Fast forward a few weeks, and Gemma, a quiet and creative soul and her support crew (Mum & sister) visit the studio for her gift experience day.
Glass of bubbly, a good little social whilst in make up and hair… as we do… and I find out she is at uni, lives off the grid on a farm with limited hot water (which facintates me lover of long hot showers) & that this photo shoot was sort of a right of passage in her family. Her Grandmother has a photo of Gemma’s mum around the same age on her wall (you know the lovely ones from the 80’s, every house has one) and so this is a bit of a tradition… great 🙂
Now Gem is not your real glamour type (off the grid kind of gives it away), she has a great hip indie style, so I think awesome lets change it up and head outside. We can get some more contemporary style pics of her across the road.
As soon as the camera is in front of her, I can feel her insecurities come rushing to the top, which is common and pretty much the same for everyone.
Shoo away Mum & sis (sorry), create a safe space, guide, support, and then she starts to relax… and then we get into the groove.
Here I am shooting a gorgeous 21 year old, happy days for me.
A few changes later, back in the studio, a super cool updo, smoking eyes, and this lovely vulnerable energy is turning into soft confident sass and she melts in her zone.
I turn around to see her mum proudly observing and her sister cheering her on. At times I guard their view, as I notice the attention makes Gemma feel a uneasy & exposed.
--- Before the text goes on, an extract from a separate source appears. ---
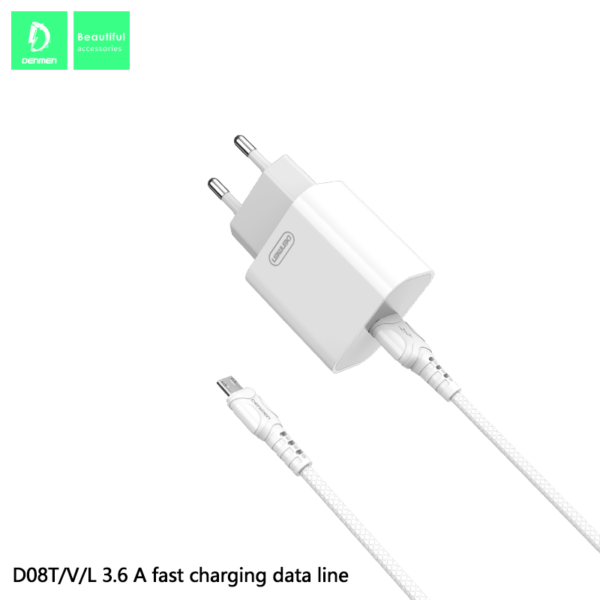 Denmen D08L Καλώδιο Φόρτισης Lightning 3.6Α Λευκό 1m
Confidence is something I think she is not comfortable with, just yet.
But she is getting there.
Photoshoot finished I send them on their way. They have had a good time and I am really happy with the images captured.
I spend the next week selecting just the right photos, polishing them and adding a few filters here and there for effect, then taking them off as they add unnecessary noise. This girl, her inner beauty and connected energy look like something from the cover of a magazine no altering required.
Sitting in the room, playing Gemma her slideshow, and something I never saw coming occurs. She begins to sob quite uncontrollably.
Now it has to be said, this happens quite a lot for me. But usually with older women who have lost contact with a certain part of themselves, women who have come through major struggles, journeys & obstacles.
But this young gorgeous 21 year old?
Gemma then opened up to me and shared how she had never seen herself as beautiful. Ever
That she was bullied all through school as she was overweight.
Sad fact is Gemma never thought she would like to what she saw of herself. Ever
I am gobsmacked and really emotional with her.
We sit in that room looking over these gorgeous images of someone who I thought was had a beauty that radiated from her soul, and she is sitting across from me telling me she has spent her whole life thinking she COULDN’T ever be beautiful.
Now I know I can look at Gemma and tell her she is beautiful, the whole world can tell her that.
But at the pointy end of it all, it really does come down to how we feel about ourselves that matters in the end. What messages we tell ourselves.
And it doesn’t seem to matter that Gemma had lost her weight over 12 months ago. Her mind was still replaying the same story.
Years of telling herself she was not, could not feel beautiful had truly set in stone a belief pattern that could have stayed with her for many years more.
I know we are supposed to be all about finding self love from the inside.
But sometimes you just need to be able to look outside yourself, and have an objective point of view.
Sometimes the mirror just lies. Not exactly sure what the exact psychological term for it is, but if you tell someone blue is pink for long enough, I am sure in time they will question themselves and start to believe it.
Now Gemma did all the hard work. She chose health, she worked her butt off. She changed her life so she would ultimately feel better about herself.
I just changed the mirror she was looking through for a bit is all.
I am sure if I asked Gemma if she would have ever put her hand up for a “glamour photoshoot” for herself – on her own – she would have died before saying yes.
And yet I think perhaps what she has gotten out of it is so much more than anything she may have gotten out of multitudes of comments and affirmations from those around her.
I think in many years time, Gemma will be able to look back at this present that her dear Grand Mother gave her, and will remember this time as a major change for her, and be thankful.
What more could you ask for in a gift?